Last week I showed off my new find, the Colonial Revival style kitchen table and chairs I discovered at a consignment shop.
But I also found a manufacturing stamp underneath the table which read "11/67. Cochrane's Bay Colony. No. 936.
Here's what it looks like:
Forgive the crappy photo/flash but remember, I was under a table, for pete's sake:
What I thought this told me was that in November of 1967 (I was a newborn!) a furniture company named Cochrane's made a style of furniture called Bay Colony and the product number was 936.
I have to tell you, I just frickin' love Google when it comes to these things. Really.
I found a registered trademark (expired) filed in 1963 for the furniture brand "Bay Colony," along with this logo:
Now, I don't have this logo on any of my kitchen furniture pieces, but perhaps they only used it in advertising and displays. At any rate, the dates lined up with what I knew about the age and style of the piece. "Bay Colony" is a great name for a furniture line with American Colonial styling.
The absolute best part of this furniture history sleuthing is without too much trouble at all, I found a great, red-white-and-blue tale of American manufacturing, and now I own a little piece of it.
Cochrane's was a furniture company located in Lincolnton, North Carolina, and began way back in the 1850's, when the Cochrane family's great-great-great-somethin' grandfather was making church pews. In 1905 they began making furnishings for homes, and by the 1930s they were selling primarily dining room furniture made out of oak, pine, and maple. The family grew the company successfully through the Depression, World War II, and the 1950s and 1960s (when my set was built).
In the 1990s, the company was sold to the Chromecraft Revington company and production was moved to China. You can still see the Cochrane name on furniture being built today, but it is made overseas.

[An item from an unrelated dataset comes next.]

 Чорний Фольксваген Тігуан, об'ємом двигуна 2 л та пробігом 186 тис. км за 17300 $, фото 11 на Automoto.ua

However, the Cochrane family has recently reopened a new family-owned furniture business in Lincolnton, and is now operating under the name of Lincolnton Furniture Company, employing a lot of their former workers, and concentrating once again on high quality solid wood dining room furniture:
|Lincolnton Furniture's "Declaration" Maple Dining Set|
The only word I can think of to describe this information is "enriching." I loved this table and chair set when I purchased it, without really knowing a thing about it other than the fact it was solid (the teenage son had to put his back into getting the table in the house-- it's HEAVY) and exactly what I was looking for. Now that I know it represented one family's livelihood, I feel even better about owning it.
I felt the same way about another history investigation for my birch kitchen cupboards, which were manufactured by another American company, Haas Cabinet, in Sellersburg, Indiana. They are still in business, and you can read about that discovery in my blog post here.
It gives me a deep sense of place and satisfaction to know I've got manufactured items with a history and a story in the room where my family lives, eats, and spends time.